Caroline McGinn’s review here, but probably not for long.

PARADE
Critics’ Choice
Four stars

Imagine ‘The Crucible’ re-scored by Sondheim as an all-singing paedophile-hunt by Georgian vigilantes circa 1913. And welcome to ‘Parade’, the unlikeliest pond-crossing success of the year. Jason Robert Brown’s musical takes as its text the true(-ish) tale of Jewish factory boss Leo Frank, dubiously convicted of the murder of a 13-year-old girl. It’s sensitively scripted (from the book by Alfred ‘Driving Miss Daisy’ Uhry). And it is produced quite beautifully out of the shadowed recesses of the Donmar’s intimate stage.

Indeed, my only quarrel with Rob Ashford’s production is that it’s so nuanced it shows up the central love story (between Leo and his wife) as the piece of winsome clumsiness it is. Though Bertie Carvel’s buttoned-up Leo and Lara Pulver’s insistently graceful Lucille do very nearly make you believe that Leo’s conviction as a paedophile slayer brings out all the pink-cheeked romance previously that their marriage was missing.

Still, there’s another major story – the one that makes the ‘Red Hills of Georgia’ ring with tales of Atlanta’s ‘Little Angel’ slain by the ‘Yankee Jew’ – and this one is powerfully scored and staged. Shaun Escoffery gives exceptionally strong support as the black Janitor who turns State evidence against Frank to save his own vulnerable skin. And Gary Milner makes a brilliantly opportunistic hound-dog news-hound.
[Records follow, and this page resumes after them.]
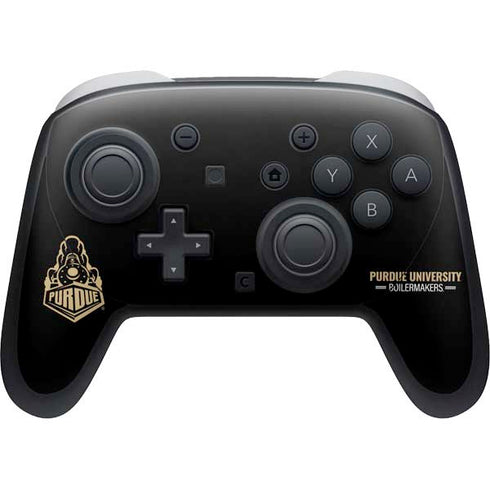 Purdue University Boilermakers Signature Logo Nintendo Switch 2 (2025) Pro Controller Skin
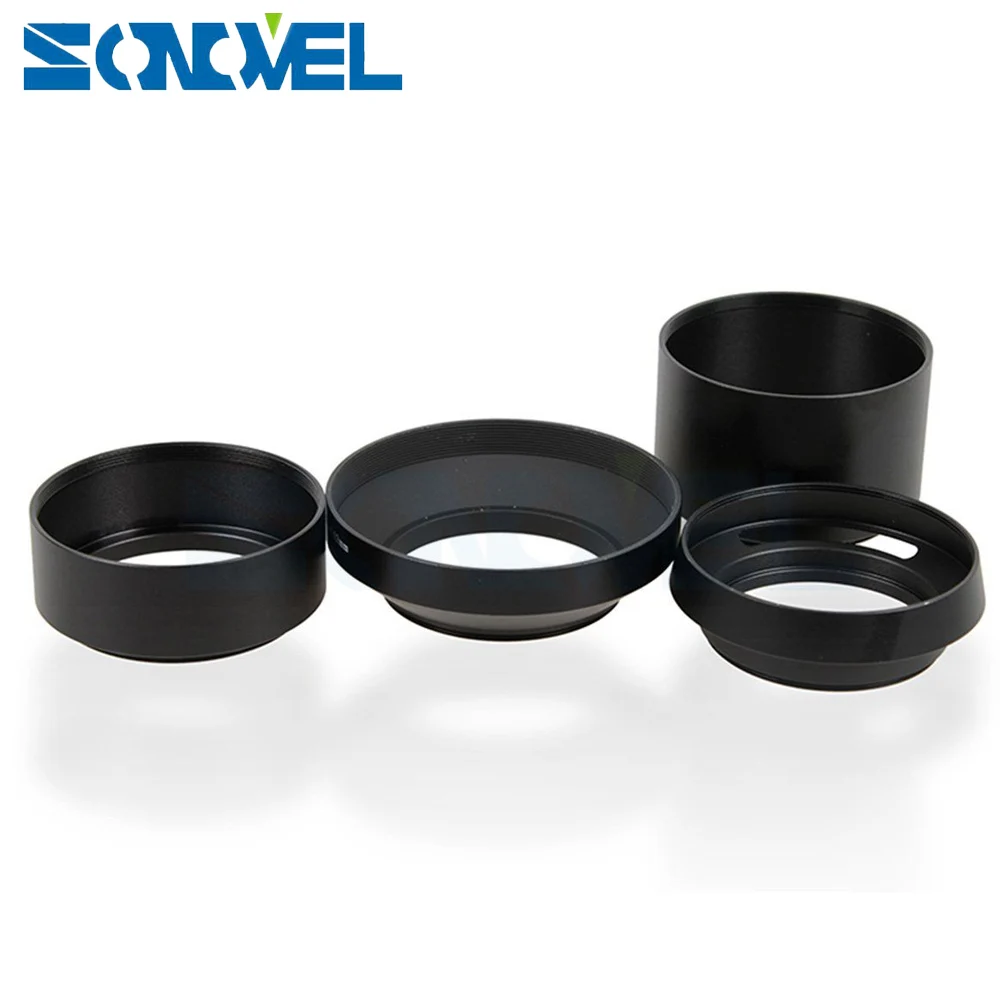 49 мм стандартная/телефото/широкоугольная/изогнутая металлическая бленда с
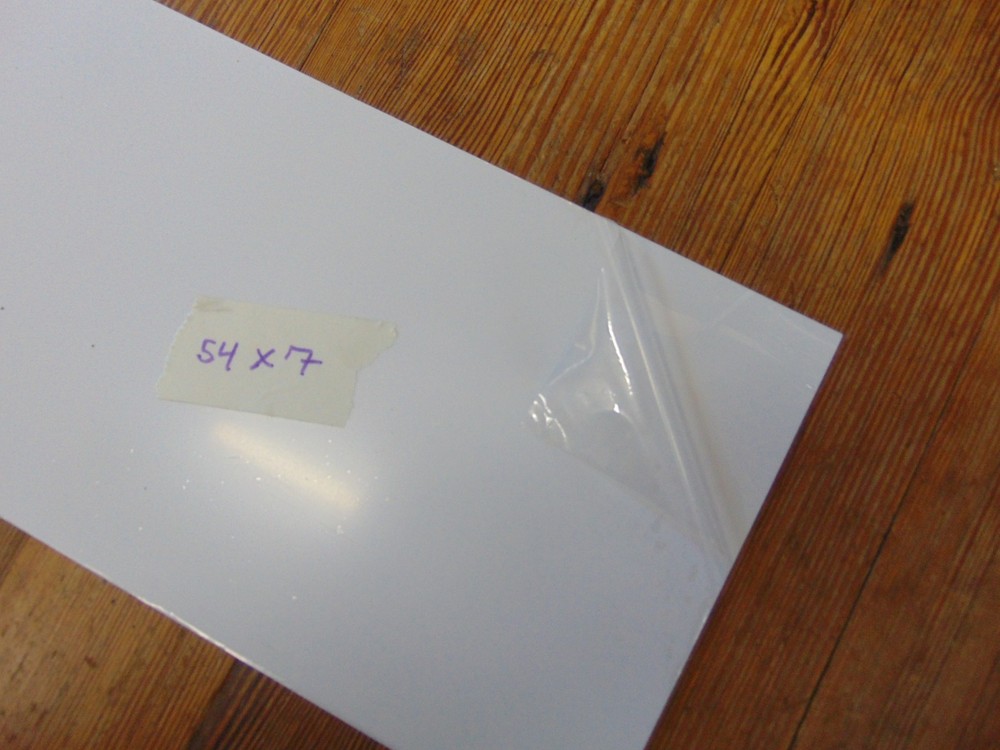 New Delmar Solid White Gloss Drum Wrap for Snare Drum   7" x 54"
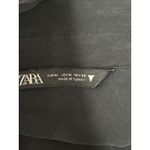 ZARA Women's Black Relaxed Oversized Long Sleeve Button Up Shirt Tunic Top Sz M Photo 2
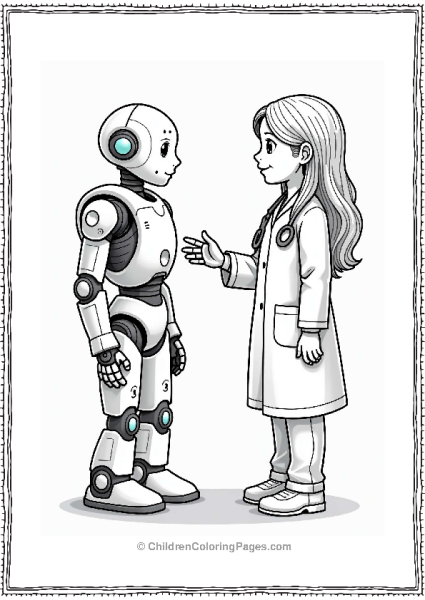 Doctor Nurse Nurse With Medical AI Robot Free PDF Printable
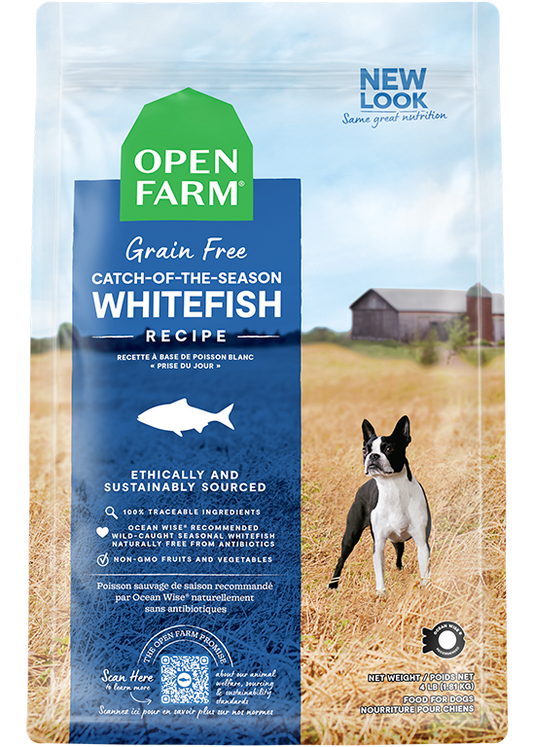 Open Farm Grain-Free: Whitefish Recipe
But it’s the hick-psychotic energy to Ashford’s crowd-scene choreography that brings the show to the boil, stirring up every snatch of Confederate march music, innocent popular ballad and simmering blues, and peaking in a wildly vengeful courtroom cake-walk, where the mob hoists its scapegoats high and hammers the red earth with invisible hoes. It’s largely atmospheric, but offers way more depth than the ‘Look at me now’ formats and wide-eyed lyrical opportunism of the love-lyrics. This is a gripping and frequently jazzy production – but, to do justice to its complex sexual and political story you’d need not only Sondheim on piano but also Arthur Miller on moral bass.